As an example, let's consider a "classification" problem with two outcome categories, coded as $0$ and $1$. Modeling aims to predict, for a feature vector $x$, $P(Y=1\vert X=x)$, which can be rewritten using Bayes' theorem.

$$ P(Y=1\vert X=x) = \dfrac{ P(X = x\vert Y = 1) }{ P(X = x) }\times P(Y = 1) $$

If category $1$ is unusual, then Bayes' theorem says that, since $P(Y = 1)$ is low, so is $P(Y=1\vert X=x)$ unless $\dfrac{ P(X = x\vert Y = 1) }{ P(X = x) }$ is high.

(There is an analogous expression for continuous distributions for which the $``X"$ probabilities are zero, and measure theory lets us generalize without regard for whether the distributions are continuous, discrete, or neither.)

Now, $\dfrac{ P(X = x\vert Y = 1) }{ P(X = x) }$ has an interpretation of by how much the probability that $X=x$ within group $1$ differs from the overall probability that $X=x$. That is, by how much does such an $x$ stick out in the feature space, or if such an $x$ is just business as usual, nothing to see here. If this $x$ is rare overall (low denominator) but common in group $1$ (high numerator), then this fraction will be high and can overwhelm a low $P(Y = 1)$ when $Y=1$ is a rare outcome. If such an $x$ is generally common, however, then the denominator will be large, so even if such an $x$ is common in group $1$, well such an $x$ is generally common, so this isn't news. "Business as usual" applies to this situation.
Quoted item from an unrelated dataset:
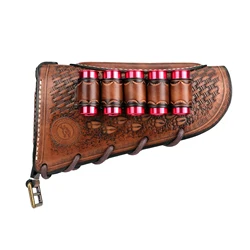 Tourbon funda de culata de rifle cuero con almohadilla mejilla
Therefore, when I see questions like this and this posted, if you do believe that the event can be reliably predicted, my mind goes to two possibilities.

You are missing an important feature that would help separate rare events from the majority of the data (maybe those events aren't so rare once you condition on some missing feature).
The important features are in the model but are being used improperly, such as failing to model an interaction as would be important in the image below, taken from my answer here.

Could there be a third possibility, perhaps something related to the loss function? How much does an inability to predict an apparent anomaly mean that we lack something in the feature space to distinguish it from business as usual? I do not want to be so focused on this facet that I lose sight of other possibilities.

POSSIBLY RELATED LINKS

How to incentivise AI to make risky predictions

This started out sounding like it was insistent on predicting unusual values but has taken a turn toward what I am wondering here, if some kind of loss function can better guide the model to these extreme predictions without totally sacrificing the ability to predict the more mainstream values. (Perhaps this means that some loss function might do an especially good job of estimating $\frac{ P(X = x\vert Y = 1) }{ P(X = x) }$.)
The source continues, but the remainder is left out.